Qui pour reprendre la part de l’Etat dans le capital d’Orange ? L’Elysée aurait sondé Bouygues Telecom et Altice

Simple coïncidence ou volonté de prendre la température ?

L’Etat se désengagera t-il totalement ou partiellement de l’opérateur historique dont il détient 23% du capital ? Si cette question reste pour l’heure en suspens même si la seconde hypothèse est la plus probable, ce dernier rechercherait un acheteur crédible prêt à investir 8 milliards d’euros dans Orange. Selon Les Echos, l’Elysée aurait d’ailleurs sondé en catimini, Altice, Bouygues Telecom et Vivendi.
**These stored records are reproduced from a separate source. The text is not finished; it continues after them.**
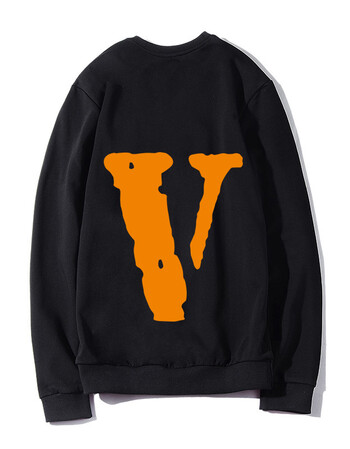 2018秋季美式街头vlone后大v长袖ins潮牌外套情侣卫衣t恤衫 1951-1911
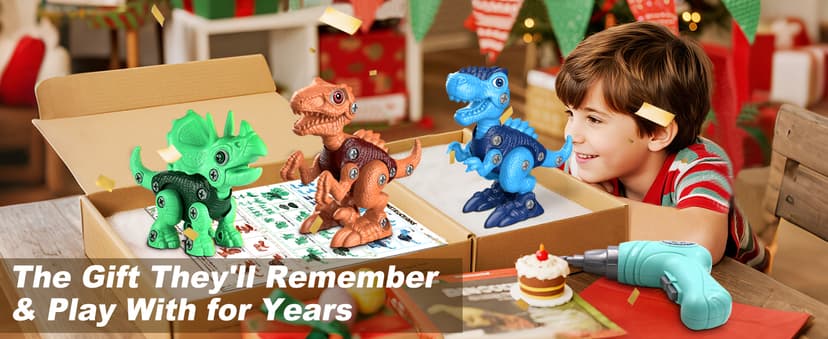 Laradola Dinosaur Toys for 3 4 5 6 7 8 Year Old Boys, Take Apart Dinosaur Toys for Kids 3-5 5-7 STEM Construction Building Kids Toy with Electric Drill, Party Christmas Birthday Gifts Boys Girls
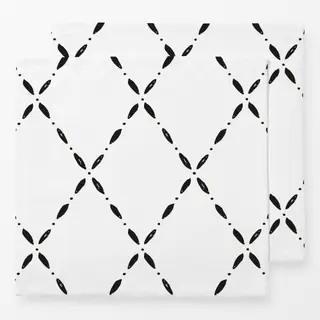 Servietten Rautenmuster schwarz-weiß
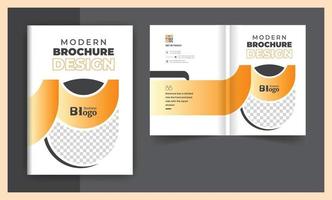 Abstract Business brochure cover bi fold design template vector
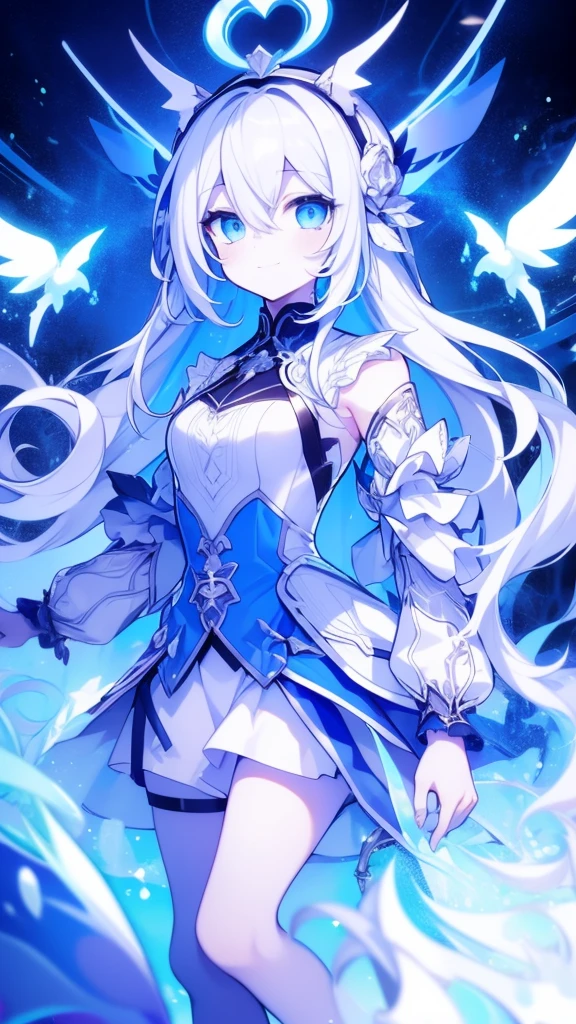 Girl, K HD, 4K, expressionless, anime style, blue eyes, white hair, ((full body)), puzzled eyes, (deformer character) Masterpiece, highest quality, ultra-definition, 4K, ultra-definition illustration, high resolution Beautiful face and eyes , light blue color scheme, lighting, fantasy, solemn atmosphere, long hair, waving hair, smile, fighting posture, dynamic pose, particle light, luminescence, plasma, electric current, blue flame, sense of depth, dynamic angle,angel wing,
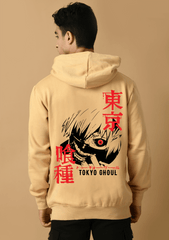 Tokyo ghoul printed beige hoodie by offmint
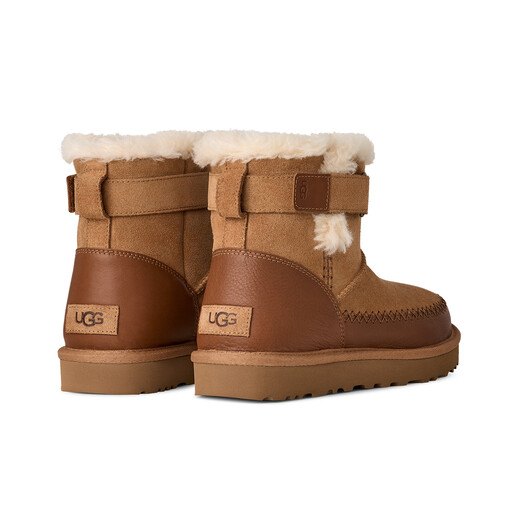 UGG new autumn women's comfortable, fashionable and warm flat-soled splicing casual belted short snow boots 1174575 CHE | Maroon 38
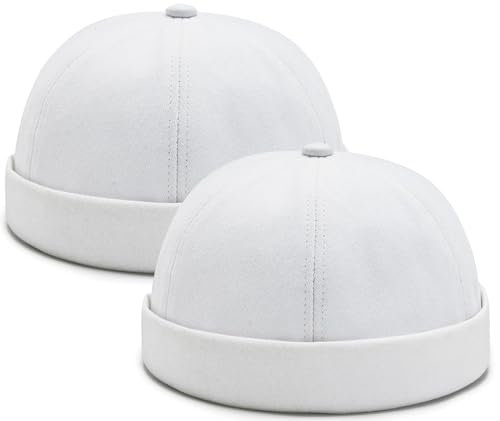 2 Pcs Mens Brimless Docker Cap Set - Retro Worker Sailor Skull Cap Beanie with Rolled Cuff - color: White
Si l’exécutif affirme recevoir régulièrement des PDG de grandes entreprises afin de «discuter des secteurs économiques » dans lesquels ils officient, pour un proche du pouvoir ces entretiens sont tout sauf une coïncidence : « Quand on sonde à ce niveau , c’est que l’on est un peu plus qu’en mode exploratoire » confie t-il avant d’ajouter que « l’Etat est probablement prêt à vendre sa part , mais il ne trouve pas encore le bon acheteur , ni le bon schéma.»

Le quotidien a d’ailleurs dressé quelques cas de figure. Ainsi, une cession des parts à Bouygues Telecom ou Altice relancerait dans tous les cas la consolidation du marché des télécoms. Si Altice venait à faire son entrée au capital de l’opérateur historique, le groupe de Patrick Drahi serait alors dans l’obligation de revendre SFR, concurrence oblige, Bouygues Telecom pourrait alors se positionner.

Questionné il y a quelques mois sur un éventuel lien de cause à effet entre un retrait de l’Etat du capital d’Orange et la relance d’un schéma de consolidation du marché des télécoms, Stéphane Richard, ne voit « rien de mécanique» et estime que « si l’Etat décidait de se retirer, il fera une opération de marché et est-ce que cela redonnera des idées à certains ? Peut être ». D’après les Echos, alors que les opérateurs doivent accélérer le rythme sur le déploiement de la 4G et de la Fibre et que l’Arcep ne cesse de répéter qu’une consolidation du secteur n’a plus de sens aujourd’hui, «il est fort à parier que l’Etat ne cède qu’ une partie du capital d’Orange, 2%, 3% ou 4 % ?».